AVAILABLE RECORDS:

--*--

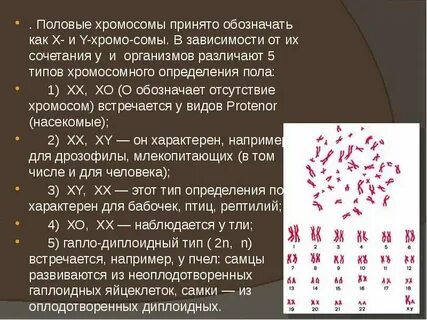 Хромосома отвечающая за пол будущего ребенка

--*--

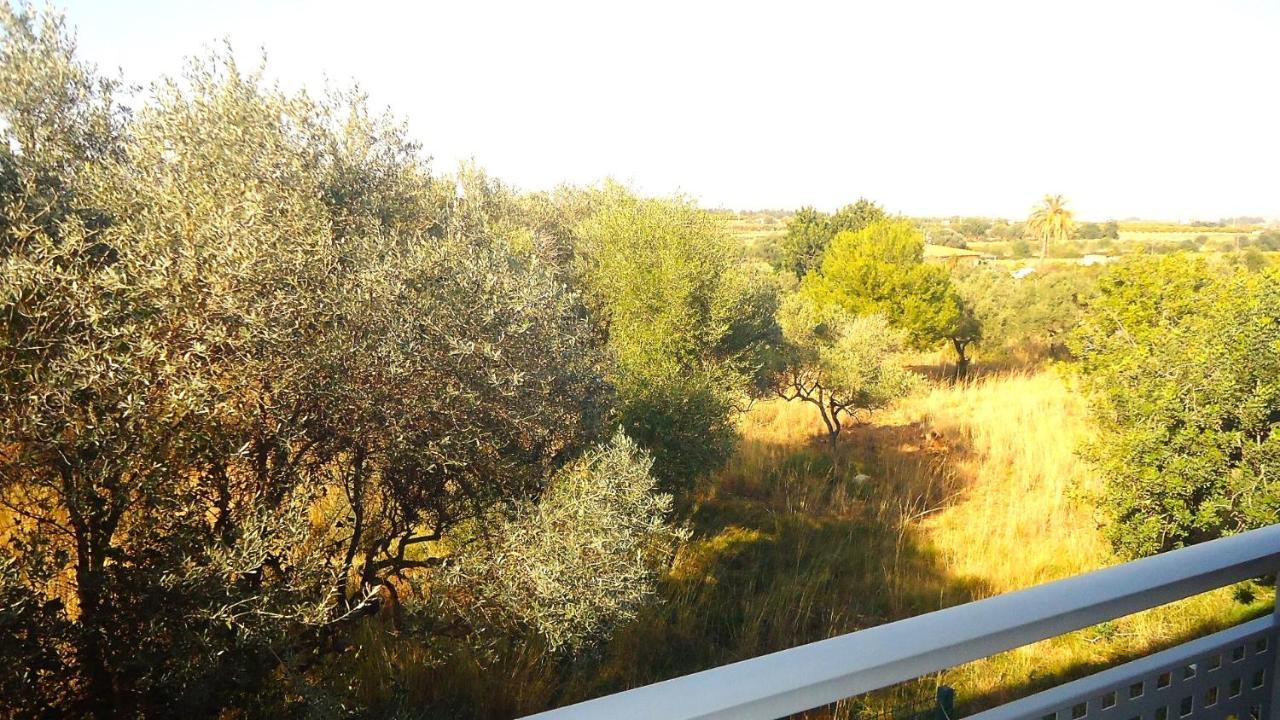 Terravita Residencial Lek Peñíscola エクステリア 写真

--*--

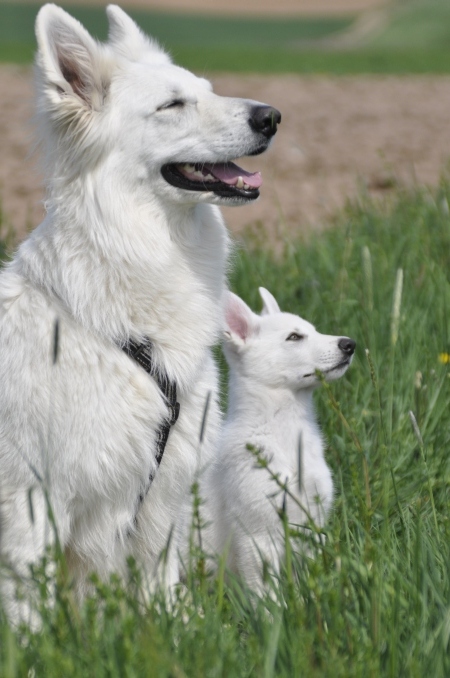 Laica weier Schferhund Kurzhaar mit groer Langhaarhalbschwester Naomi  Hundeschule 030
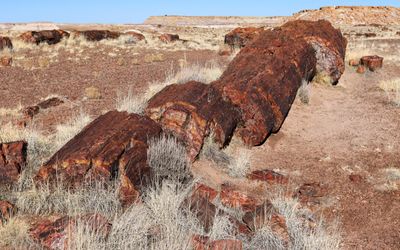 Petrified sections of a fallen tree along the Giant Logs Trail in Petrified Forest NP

--*--

TASK OBJECTIVE: Taking the material above, give again exactly the lines from the one holding "Laica weier Schferhund" through the one holding "Petrified sections of", with both ends and without pictures.

SOLUTION TO THE PROBLEM:
 Laica weier Schferhund Kurzhaar mit groer Langhaarhalbschwester Naomi  Hundeschule 030
 Petrified sections of a fallen tree along the Giant Logs Trail in Petrified Forest NP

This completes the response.